INSTRUCTIONS FOR THE TASK: In your copy, leave out the pictures; write out all the data exactly.

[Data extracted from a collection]
○ ○ ○ ○

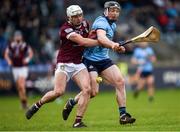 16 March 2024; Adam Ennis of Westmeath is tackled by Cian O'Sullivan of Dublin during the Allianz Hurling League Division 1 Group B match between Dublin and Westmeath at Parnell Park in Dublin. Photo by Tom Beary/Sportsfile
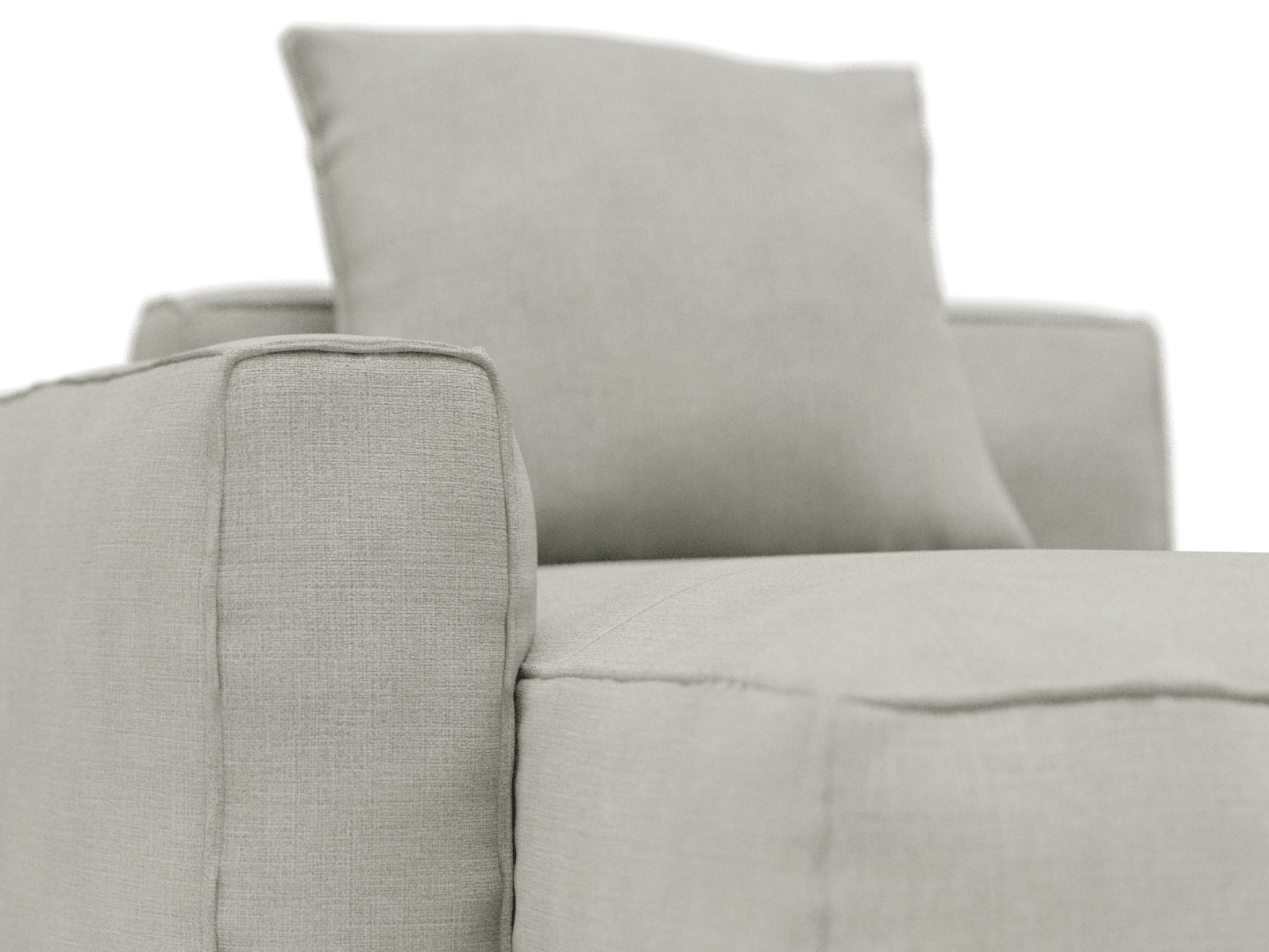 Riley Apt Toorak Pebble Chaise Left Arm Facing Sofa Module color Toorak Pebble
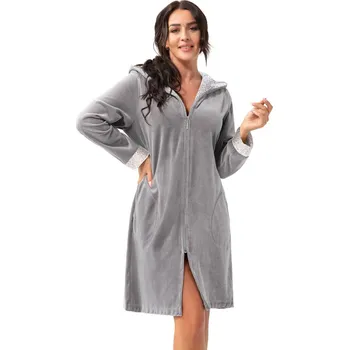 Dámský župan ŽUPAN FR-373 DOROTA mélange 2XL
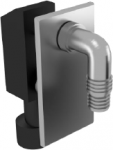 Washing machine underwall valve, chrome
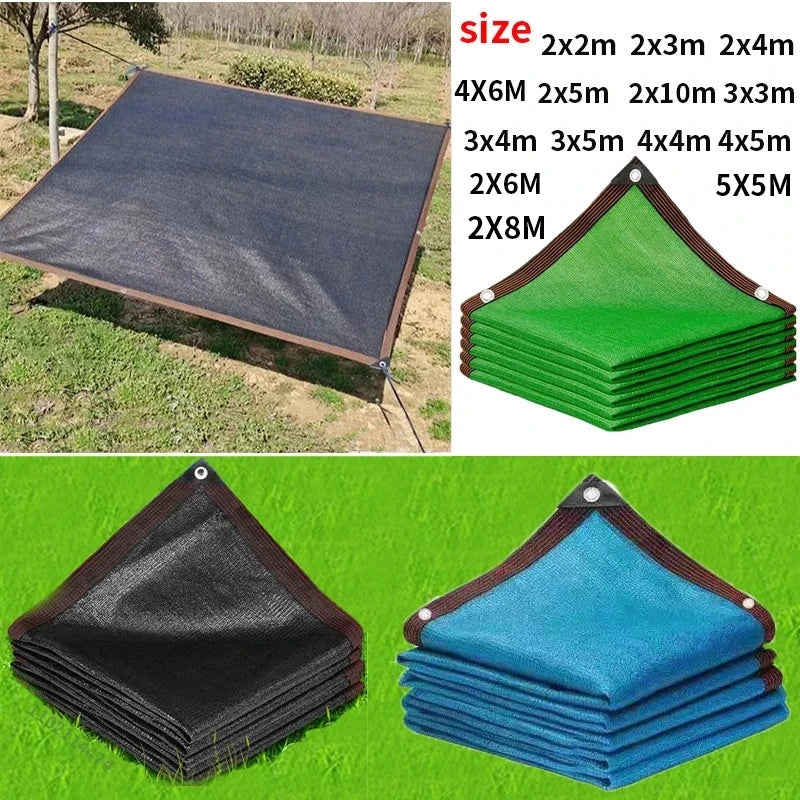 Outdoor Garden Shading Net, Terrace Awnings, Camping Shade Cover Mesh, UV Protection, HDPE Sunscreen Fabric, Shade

○ ○ ○ ○

REPLY:
 16 March 2024; Adam Ennis of Westmeath is tackled by Cian O'Sullivan of Dublin during the Allianz Hurling League Division 1 Group B match between Dublin and Westmeath at Parnell Park in Dublin. Photo by Tom Beary/Sportsfile
 Riley Apt Toorak Pebble Chaise Left Arm Facing Sofa Module color Toorak Pebble
 Dámský župan ŽUPAN FR-373 DOROTA mélange 2XL
 Washing machine underwall valve, chrome
 Outdoor Garden Shading Net, Terrace Awnings, Camping Shade Cover Mesh, UV Protection, HDPE Sunscreen Fabric, Shade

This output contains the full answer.